Selon la définition de $F_\beta(x, y)$ ci-dessus, $P(y \mid x)$ n’est qu’une application de la formule de Gibbs-Boltzmann et $z$ a été implicitement marginalisé à l’intérieur de celle-ci. Les physiciens appellent cela l’énergie libre, c’est pourquoi nous l’appelons $F$ (free energy en anglais). Donc $e$ est l’énergie et $F$ est l’énergie libre.
Quels sont les avantages qu’offrent les modèles à base d’énergie ?
En effet, dans les modèles basés sur les probabilités, il est aussi possible d’avoir des variables latentes qui peuvent être marginalisées.
La différence est que dans les modèles probabilistes, nous n’avons pas le choix de la fonction objectif que nous allons minimiser. Il faut rester fidèle au cadre probabiliste au sens que chaque objet qui est manipulé doit avoir une distribution normalisée (qu’il est possible d’approximer en utilisant des méthodes variationnelles, etc.).
Ce que nous voulons faire en fin de compte avec ces modèles, c’est prendre des décisions. Par exemple avec un système qui conduit une voiture et qui indique « Tourner à gauche avec une probabilité de 0,8 ou tourner à droite avec une probabilité de 0,2 », on va tourner à gauche. Le fait que les probabilités soient de 0,2 et 0,8 n’a pas d’importance. Ce que nous voulons, c’est prendre la meilleure décision, parce que nous sommes obligés de prendre une décision. Les probabilités sont donc inutiles quand nous voulons prendre des décisions.
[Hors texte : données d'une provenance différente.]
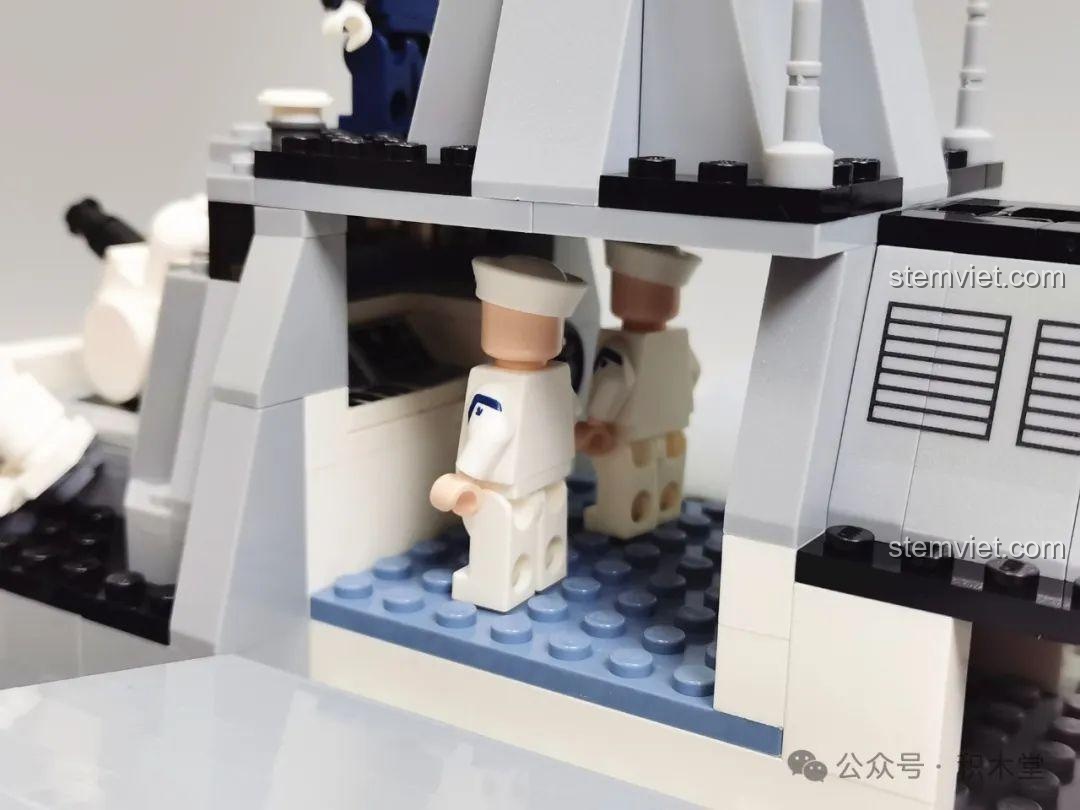 Hai minifigures thủy thủ được đặt bên trong khoang lái của bộ lắp ráp Tàu chiến GUDI 8028 giá bình dân.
Si nous voulons combiner la sortie d’un système automatisé avec un autre (par exemple, un système humain ou autre) et que ces systèmes n’ont pas été entraînés ensemble, mais plutôt séparément, alors ce que nous voulons, ce sont des scores calibrés pour pouvoir combiner les scores des deux systèmes afin de prendre une bonne décision. Il n’y a qu’une seule façon de calibrer les scores et c’est de les transformer en probabilités. Tous les autres moyens sont soit inférieurs, soit équivalents. Mais si on souhaite entraîner un système de bout en bout à la prise de décision, alors n’importe quelle fonction de notation utilisée est bonne, à condition qu’elle donne le meilleur score à la meilleure décision.
Les EBMs offrent beaucoup plus de choix quant à la façon de manipuler le modèle, peut-être même plus de choix sur la manière de l’entraîner ainsi que pour la fonction objectif pouvant être utilisée. Si nous insistons pour que votre modèle soit probabiliste, nous devons utiliser le maximum de vraisemblance. Il nous faut entraîner le modèle de telle manière que la probabilité qu’il donne aux données observées soit maximale. Le problème est que l’on ne peut prouver que cela fonctionne que si votre modèle est « correct » mais un modèle n’est jamais « correct ». Le statisticien Goerge Box a dit : « Tous les modèles sont faux mais certains sont utiles ». Les modèles probabilistes, en particulier ceux dans les espaces en grandes dimensions et dans les espaces combinatoires comme le texte, sont donc tous des modèles approximatifs. Ils sont tous erronés d’une certaine manière et si nous essayons de les normaliser, nous les rendons encore plus erronés. Il est donc préférable de ne pas les normaliser.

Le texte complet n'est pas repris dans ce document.